That's inexcusable given the amazing amount of faith those great powers have placed in America since the Cold War's end, essentially outsourcing global security to our armed forces by refusing to seek any military balance - individually or collectively. Sure, we piled up lots of foreign debt, but that's how those powers expressed their trust in our capabilities and choices.

Look at what we achieved: by letting emerging markets concentrate on economic development instead of long-predicted military build-ups, we're now collectively sitting atop the most robust and broadly distributed global economy in human history, facing the glorious challenge of meeting the skyrocketing demands of 1 billion new customers in coming years.

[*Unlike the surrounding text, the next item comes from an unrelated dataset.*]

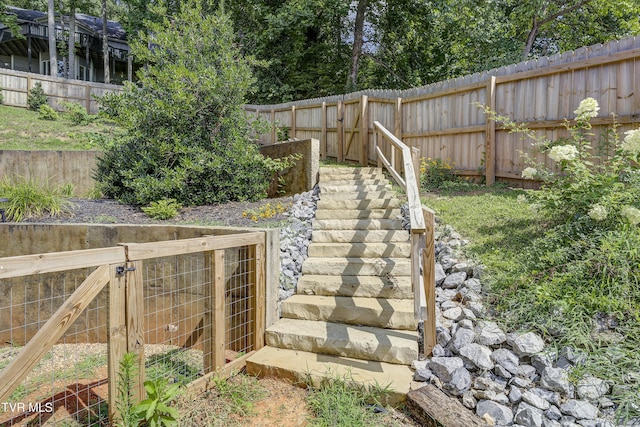fenced backyard with stairway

But all that progress is endangered by the Bush administration's conduct in this Long War, and two more years of staying this course might be far more damaging to global stability than any of us anticipate. That's why American voters need to signal a clear desire for change in this week's elections.

Simply put, we need to tell the rest of the world that America is once again a dealmaker, not just a treaty-breaker. We need to demonstrate our understanding that globalization comes with rules, not a ruler. We must admit that, while we can win wars alone, we cannot win the peace on our own.

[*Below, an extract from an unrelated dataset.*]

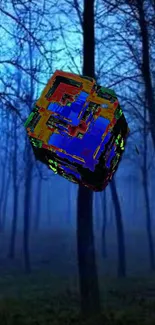 3D cube floats in a misty blue forest, creating a surreal digital art wallpaper.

If we do not signal our willingness to change, the Bush administration will most certainly face graver international crises over the next two years, armed with even fewer offers of cooperation from other powers. That path will definitely result in far too many American troops being needlessly sacrificed, while both delaying the inevitable foreign policy correction and raising its inescapable price tag for the next president.

Many states recognize America's tight spot in Iraq and fear the possibility that it will trigger a Vietnam-style isolationist backlash back here. That would create a dangerous vacuum in global security that few would welcome.

Returning ourselves to the deal-making mindset of divided government can heal this profound rift between America and the world.

Countless lives may depend on your vote.